If we assume that "s is substantially smaller than n" means |s| <= log(n), then we will increment at most log(n) times, and in any case at most s times.
If s is not sorted then we can do the following. Create an array of bits of size s. Generate k. Parse s and do two things: 1) count the number of elements < k, call this r. At the same time, set the i'th bit to 1 if k+i is in s (0 indexed so if k is in s then the first bit is set).
Now, increment k a number of times equal to r plus the number of set bits is the array with an index <= the number of times incremented.
E.g., n = 100, s = {1,4,5,22}, and our random number is 4. So our approach should return the fourth element of [2,3,6,7,...,21,23,24,...,100] which is 7. We parse s and 1) note that 1 element is below 4 (r=1), and 2) set our array to [1, 1, 0, 0]. We increment once for r=1 and an additional two times for the two set bits, ending up at 7.
This is O(s) time, O(s) space.
This is an O(1) solution with O(s) initial setup that works by mapping each non-allowed number > s to an allowed number <= s.
Let S be the set of non-allowed values, S(i), where i = [1 .. s] and s = |S|.
Here's a two part algorithm. The first part constructs a hash table based only on S in O(s) time, the second part finds the random value k ∈ {1..n}, k ∉ S in O(1) time, assuming we can generate a uniform random number in a contiguous range in constant time. The hash table can be reused for new random values and also for new n (assuming S ⊂ { 1 .. n } still holds of course).
To construct the hash, H. First set j = 1. Then iterate over S(i), the elements of S. They do not need to be sorted. If S(i) > s, add the key-value pair (S(i), j) to the hash table, unless j ∈ S, in which case increment j until it is not. Finally, increment j.
To find a random value k, first generate a uniform random value in the range s + 1 to n, inclusive. If k is a key in H, then k = H(k). I.e., we do at most one hash lookup to insure k is not in S.
Python code to generate the hash:
def substitute(S):
H = dict()
j = 1
for s in S:
if s > len(S):
while j in S: j += 1
H[s] = j
j += 1
return H
For the actual implementation to be O(s), one might need to convert S into something like a frozenset to insure the test for membership is O(1) and also move the len(S) loop invariant out of the loop. Assuming the j in S test and the insertion into the hash (H[s] = j) are constant time, this should have complexity O(s).
The generation of a random value is simply:
def myrand(n, s, H):
k = random.randint(s + 1, n)
return (H[k] if k in H else k)
If one is only interested in a single random value per S, then the algorithm can be optimized to improve the common case, while the worst case remains the same.
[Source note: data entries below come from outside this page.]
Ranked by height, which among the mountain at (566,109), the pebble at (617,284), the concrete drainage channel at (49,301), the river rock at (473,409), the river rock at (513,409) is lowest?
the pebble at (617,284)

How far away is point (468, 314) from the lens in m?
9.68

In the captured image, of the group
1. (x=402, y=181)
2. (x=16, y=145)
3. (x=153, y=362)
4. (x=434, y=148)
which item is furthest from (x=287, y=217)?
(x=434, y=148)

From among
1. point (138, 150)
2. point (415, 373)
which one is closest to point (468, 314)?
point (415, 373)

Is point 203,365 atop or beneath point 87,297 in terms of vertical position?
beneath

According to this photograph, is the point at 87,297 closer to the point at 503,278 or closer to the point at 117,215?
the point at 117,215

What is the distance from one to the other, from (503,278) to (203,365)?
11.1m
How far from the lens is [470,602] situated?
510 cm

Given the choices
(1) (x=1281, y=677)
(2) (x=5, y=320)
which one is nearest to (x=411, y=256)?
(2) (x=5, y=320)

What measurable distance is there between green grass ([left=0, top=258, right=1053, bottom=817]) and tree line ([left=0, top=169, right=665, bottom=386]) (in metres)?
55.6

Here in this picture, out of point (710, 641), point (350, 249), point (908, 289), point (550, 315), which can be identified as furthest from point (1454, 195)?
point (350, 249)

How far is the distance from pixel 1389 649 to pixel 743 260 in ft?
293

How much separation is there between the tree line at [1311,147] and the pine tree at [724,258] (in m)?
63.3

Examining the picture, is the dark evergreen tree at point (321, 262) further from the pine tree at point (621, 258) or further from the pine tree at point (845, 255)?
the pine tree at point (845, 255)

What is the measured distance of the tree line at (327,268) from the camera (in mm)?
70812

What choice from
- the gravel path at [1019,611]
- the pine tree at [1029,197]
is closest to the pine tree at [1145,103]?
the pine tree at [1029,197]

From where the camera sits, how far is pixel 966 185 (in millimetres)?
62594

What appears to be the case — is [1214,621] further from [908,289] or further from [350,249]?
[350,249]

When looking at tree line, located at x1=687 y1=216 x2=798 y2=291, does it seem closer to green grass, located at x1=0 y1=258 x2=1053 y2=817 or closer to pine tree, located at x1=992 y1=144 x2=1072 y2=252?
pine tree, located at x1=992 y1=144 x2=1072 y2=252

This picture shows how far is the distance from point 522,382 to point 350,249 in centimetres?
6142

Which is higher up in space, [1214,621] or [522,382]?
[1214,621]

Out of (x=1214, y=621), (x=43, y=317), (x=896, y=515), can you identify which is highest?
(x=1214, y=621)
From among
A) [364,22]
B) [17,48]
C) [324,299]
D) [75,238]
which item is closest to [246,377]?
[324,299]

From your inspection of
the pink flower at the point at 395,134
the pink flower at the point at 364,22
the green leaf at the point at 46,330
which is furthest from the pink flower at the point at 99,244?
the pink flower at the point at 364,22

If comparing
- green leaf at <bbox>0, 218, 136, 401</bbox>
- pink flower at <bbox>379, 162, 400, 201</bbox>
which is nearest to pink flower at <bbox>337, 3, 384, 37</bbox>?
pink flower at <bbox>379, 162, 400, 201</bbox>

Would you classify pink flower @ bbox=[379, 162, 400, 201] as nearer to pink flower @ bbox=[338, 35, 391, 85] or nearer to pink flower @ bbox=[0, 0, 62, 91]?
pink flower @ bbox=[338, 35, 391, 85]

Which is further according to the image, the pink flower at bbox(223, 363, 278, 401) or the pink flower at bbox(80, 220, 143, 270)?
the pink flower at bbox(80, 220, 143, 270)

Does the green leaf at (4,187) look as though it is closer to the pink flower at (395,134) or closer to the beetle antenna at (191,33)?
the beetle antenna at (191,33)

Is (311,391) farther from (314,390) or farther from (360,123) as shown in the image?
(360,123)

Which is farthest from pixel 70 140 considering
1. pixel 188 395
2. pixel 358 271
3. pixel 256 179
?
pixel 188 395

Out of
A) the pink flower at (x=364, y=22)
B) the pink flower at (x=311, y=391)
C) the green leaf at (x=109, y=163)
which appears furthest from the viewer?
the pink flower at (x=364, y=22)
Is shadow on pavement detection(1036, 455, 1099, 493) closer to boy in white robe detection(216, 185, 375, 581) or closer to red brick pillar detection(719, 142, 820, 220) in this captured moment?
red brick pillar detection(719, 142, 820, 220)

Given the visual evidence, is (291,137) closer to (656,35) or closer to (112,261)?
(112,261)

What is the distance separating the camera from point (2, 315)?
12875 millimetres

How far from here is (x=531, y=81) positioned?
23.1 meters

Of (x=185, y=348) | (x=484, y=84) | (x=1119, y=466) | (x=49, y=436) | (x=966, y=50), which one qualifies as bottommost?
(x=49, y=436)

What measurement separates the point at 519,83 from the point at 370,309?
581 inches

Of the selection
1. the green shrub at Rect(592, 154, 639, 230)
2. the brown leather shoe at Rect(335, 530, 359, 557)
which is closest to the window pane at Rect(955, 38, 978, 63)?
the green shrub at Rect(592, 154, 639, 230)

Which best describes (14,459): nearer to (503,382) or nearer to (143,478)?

This still requires S be in a hash table that allows for a constant time "element of" test.
def rand_not_in(n, S):
k = random.randint(len(S) + 1, n);
if k not in S: return k
j = 1
for s in S:
if s > len(S):
while j in S: j += 1
if s == k: return j
j += 1
Optimizations are: Only generate the mapping if the random value is in S. Don't save the mapping to a hash table. Short-circuit the mapping generation when the random value is found.
Actually, the rejection method seems like the practical approach.
Generate a number in 1...n and check whether it is forbidden; regenerate until the generated number is not forbidden.
The probability of a single rejection is p = s/n.
Thus the expected number of random number generations is 1 + p + p^2 + p^3 + ... which is 1/(1-p), which in turn is equal to n/(n-s).
Now, if s is much less than n, or even more up to s = n/2, this expected number is at most 2.
It would take s almost equal to n to make it infeasible in practice.
Multiply the expected time by log s if you use a tree-set to check whether the number is in the set, or by just 1 (expected value again) if it is a hash-set. So the average time is O(1) or O(log s) depending on the set implementation. There is also O(s) memory for storing the set, but unless the set is given in some special way, implicitly and concisely, I don't see how it can be avoided.
(Edit: As per comments, you do this only once for a given set.
If, additionally, we are out of luck, and the set is given as a plain array or list, not some fancier data structure, we get O(s) expected time with this approach, which still fits into the O(log n + s) requirement.)
If attacks against the unbounded algorithm are a concern (and only if they truly are), the method can include a fall-back algorithm for the cases when a certain fixed number of iterations didn't provide the answer.
Similarly to how IntroSort is QuickSort but falls back to HeapSort if the recursion depth gets too high (which is almost certainly a result of an attack resulting in quadratic QuickSort behavior).
Find all numbers that are in a forbidden set and less or equal then n-s. Call it array A.
Find all numbers that are not in a forbidden set and greater then n-s. Call it array B. It may be done in O(s) if set is sorted.
Note that lengths of A and B are equal, and create mapping map[A[i]] = B[i]
Generate number t up to n-s. If there is map[t] return it, otherwise return t
It will work in O(s) insertions to a map + 1 lookup which is either O(s) in average or O(s log s)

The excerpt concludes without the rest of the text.